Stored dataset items

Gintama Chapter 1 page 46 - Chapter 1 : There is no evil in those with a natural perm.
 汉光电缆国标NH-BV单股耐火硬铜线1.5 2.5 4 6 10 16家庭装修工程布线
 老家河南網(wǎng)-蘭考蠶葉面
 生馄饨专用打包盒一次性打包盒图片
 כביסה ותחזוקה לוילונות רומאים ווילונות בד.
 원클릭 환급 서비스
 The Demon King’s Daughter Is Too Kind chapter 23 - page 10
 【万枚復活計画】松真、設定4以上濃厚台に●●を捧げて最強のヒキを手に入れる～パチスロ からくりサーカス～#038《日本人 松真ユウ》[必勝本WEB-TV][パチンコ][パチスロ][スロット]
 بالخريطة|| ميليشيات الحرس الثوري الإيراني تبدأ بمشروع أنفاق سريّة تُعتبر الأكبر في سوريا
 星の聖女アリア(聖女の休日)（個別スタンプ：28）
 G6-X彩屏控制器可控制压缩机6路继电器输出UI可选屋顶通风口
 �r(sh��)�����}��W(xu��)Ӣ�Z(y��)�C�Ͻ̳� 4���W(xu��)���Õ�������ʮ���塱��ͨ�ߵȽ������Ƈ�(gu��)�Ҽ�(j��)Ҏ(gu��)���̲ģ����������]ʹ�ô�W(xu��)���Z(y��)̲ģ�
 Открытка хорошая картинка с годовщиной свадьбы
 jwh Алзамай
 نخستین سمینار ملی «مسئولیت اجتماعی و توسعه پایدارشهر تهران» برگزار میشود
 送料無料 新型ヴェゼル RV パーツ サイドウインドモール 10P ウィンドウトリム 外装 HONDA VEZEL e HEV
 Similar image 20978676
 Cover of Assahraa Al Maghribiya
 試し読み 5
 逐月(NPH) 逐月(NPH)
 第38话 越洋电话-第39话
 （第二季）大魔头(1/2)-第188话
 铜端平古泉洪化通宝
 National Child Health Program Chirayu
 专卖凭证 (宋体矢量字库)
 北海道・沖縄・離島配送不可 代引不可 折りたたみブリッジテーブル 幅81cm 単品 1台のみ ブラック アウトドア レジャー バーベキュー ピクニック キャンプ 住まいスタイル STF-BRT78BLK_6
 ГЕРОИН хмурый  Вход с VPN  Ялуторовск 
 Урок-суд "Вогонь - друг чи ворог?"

Problem to work on
Those lines above that contain the string "page" should be returned.

Answer for the task
Gintama Chapter 1 page 46 - Chapter 1 : There is no evil in those with a natural perm.
 The Demon King’s Daughter Is Too Kind chapter 23 - page 10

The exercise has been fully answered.